* **ACTIVITY**
An exact transcription of every record is needed, leaving out the pictures.

━━━━━ RECORDS SUPPLIED

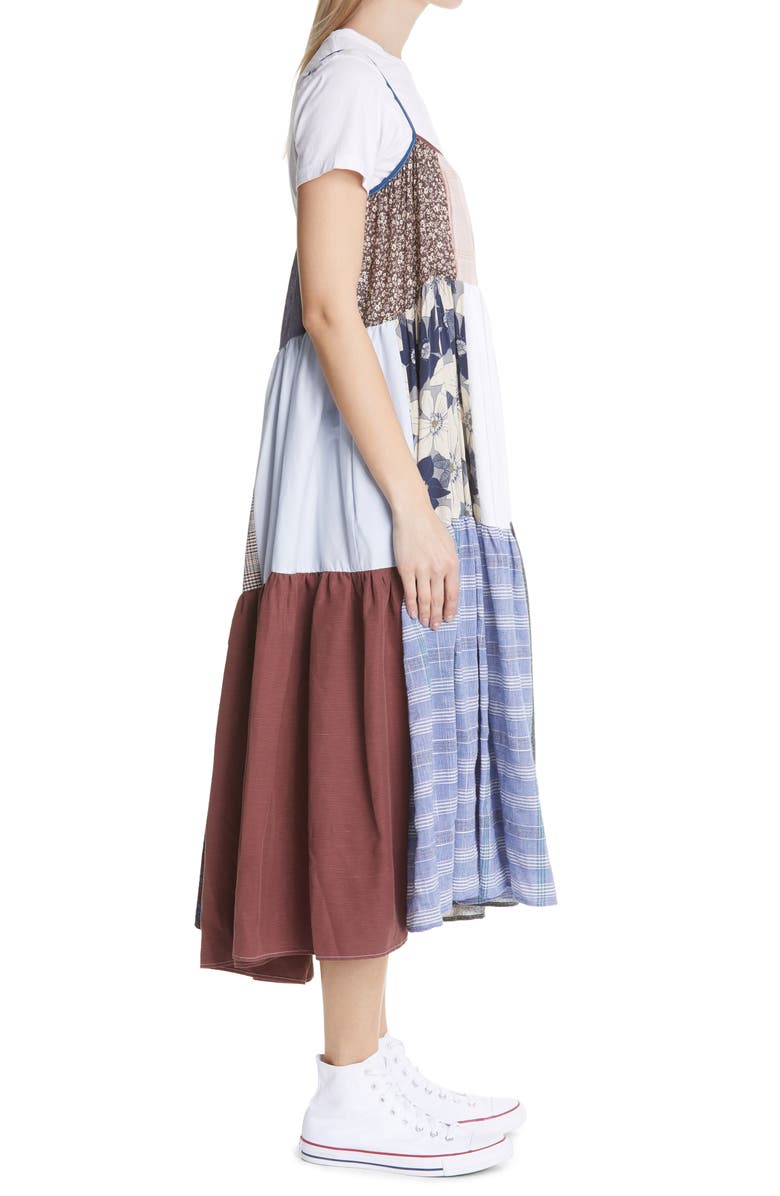 La Réunion One of a Kind Sleeveless Patchwork Maxi Dress, Alternate, color, 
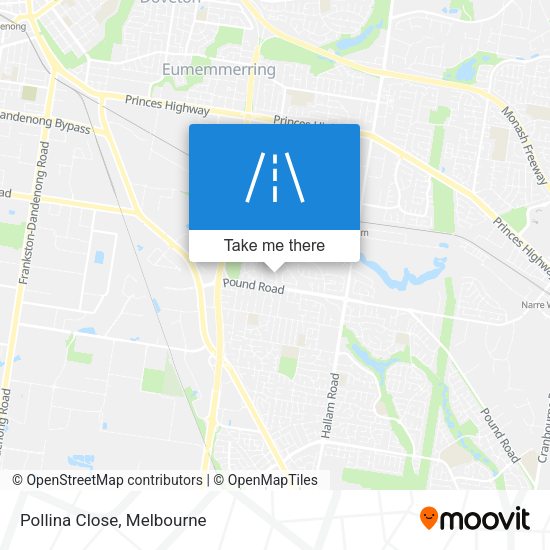 Pollina Close map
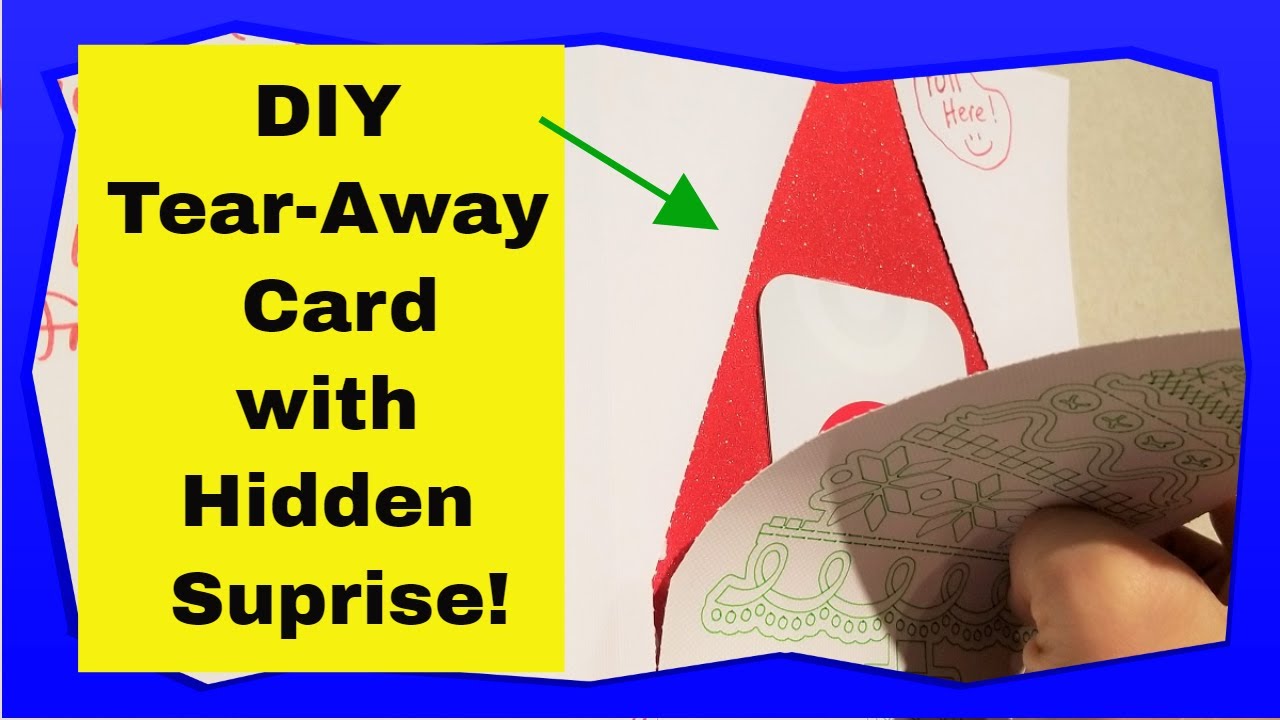 Perforated Tear Away Card REVEAL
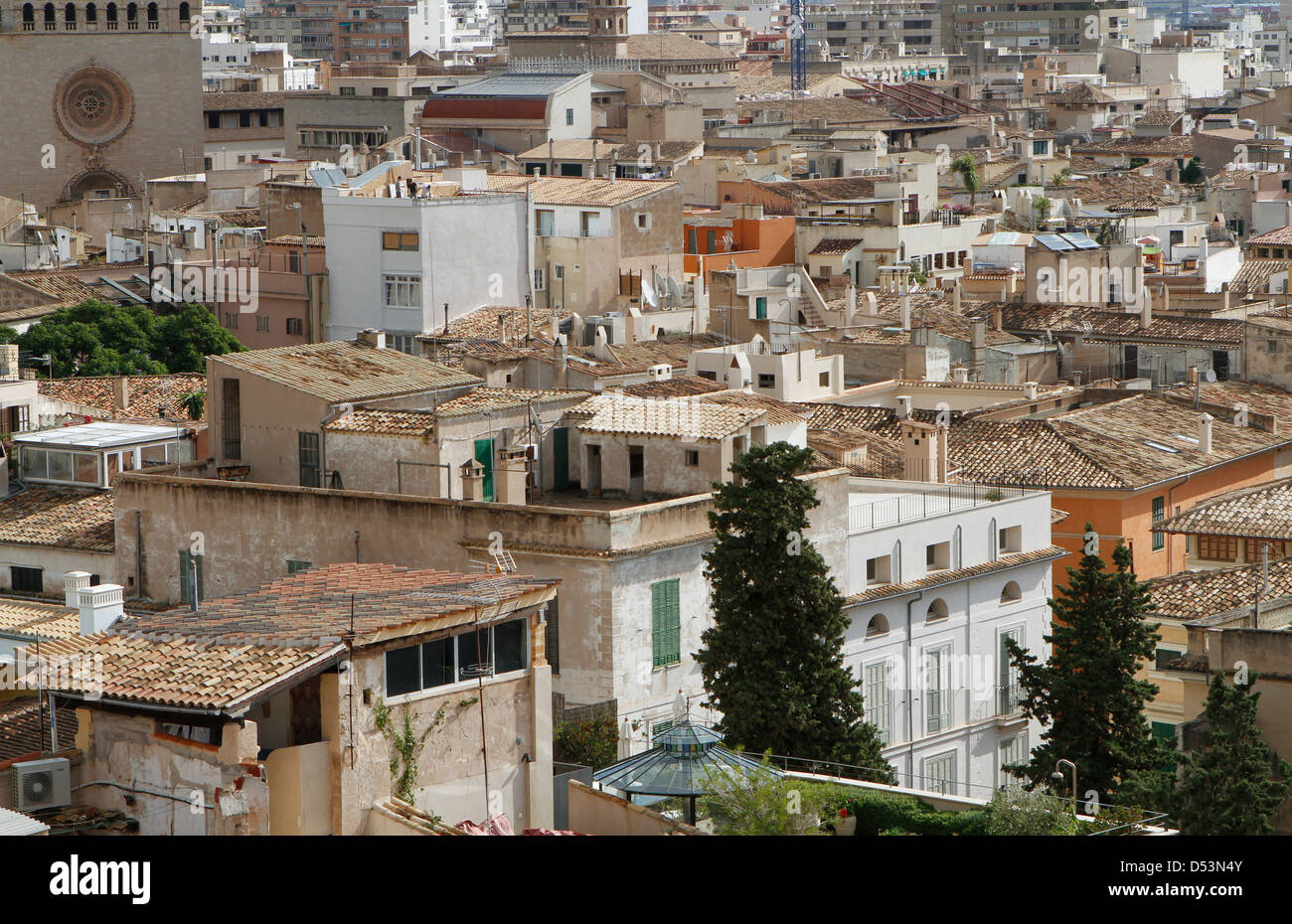 Palma de Mallorca vista generale. Foto Stock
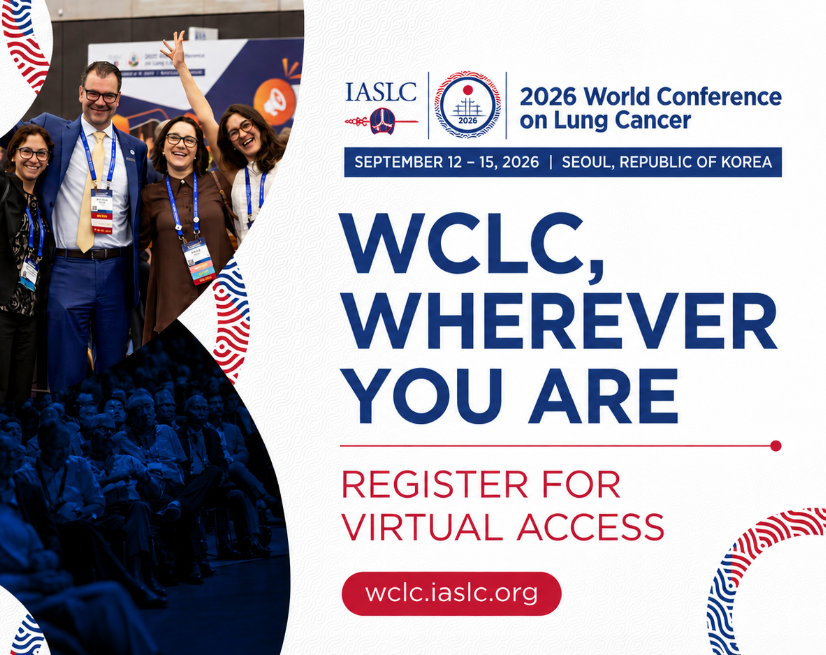 Can’t make it to Seoul? Join #WCLC26 from wherever you are. 🌎
Virtual registration gives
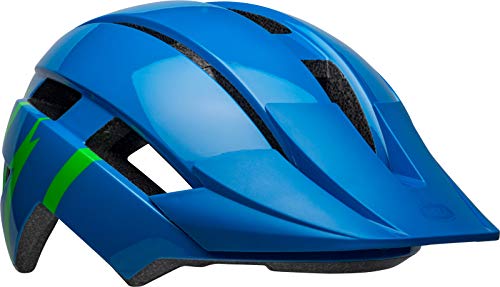 BELL Sidetrack II Casco, Unisex Adulto, Strike Gloss Azul/Gr, Unisize 50-57CM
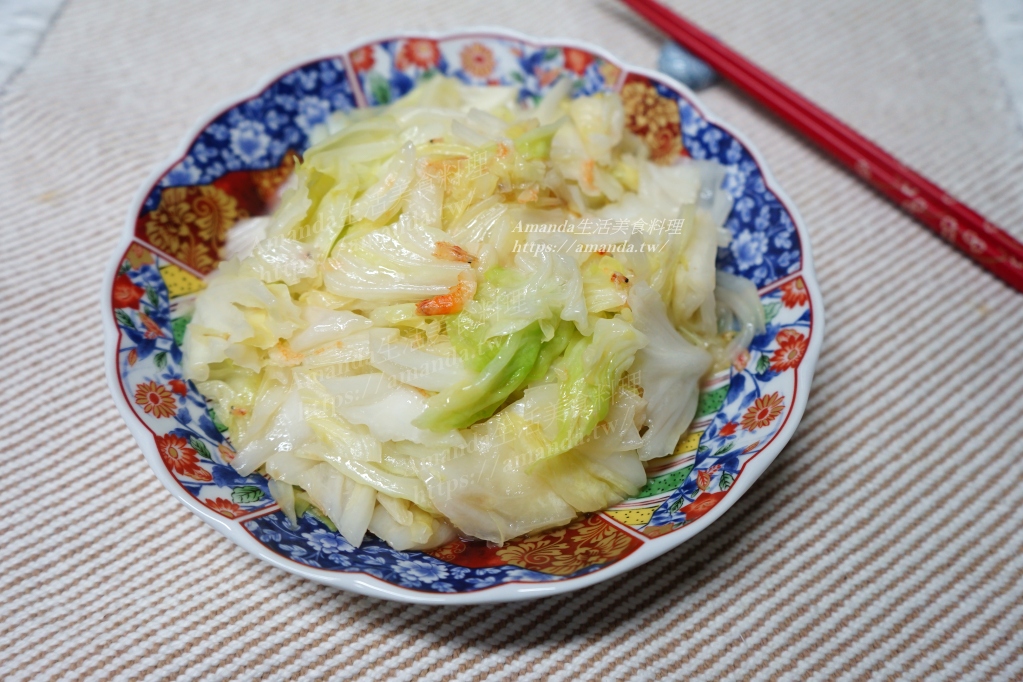 Amanda食譜,十分鐘上菜,快炒蔬菜,櫻花蝦料理,櫻花蝦炒蔬菜,櫻花蝦炒高麗菜,櫻花蝦高麗菜,炒高麗菜,食譜 @Amanda生活美食料理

━━━━━━━━━━

* **OUTPUT FOR THIS TASK**
 La Réunion One of a Kind Sleeveless Patchwork Maxi Dress, Alternate, color, 
 Pollina Close map
 Perforated Tear Away Card REVEAL
 Palma de Mallorca vista generale. Foto Stock
 Can’t make it to Seoul? Join #WCLC26 from wherever you are. 🌎
Virtual registration gives
 BELL Sidetrack II Casco, Unisex Adulto, Strike Gloss Azul/Gr, Unisize 50-57CM
 Amanda食譜,十分鐘上菜,快炒蔬菜,櫻花蝦料理,櫻花蝦炒蔬菜,櫻花蝦炒高麗菜,櫻花蝦高麗菜,炒高麗菜,食譜 @Amanda生活美食料理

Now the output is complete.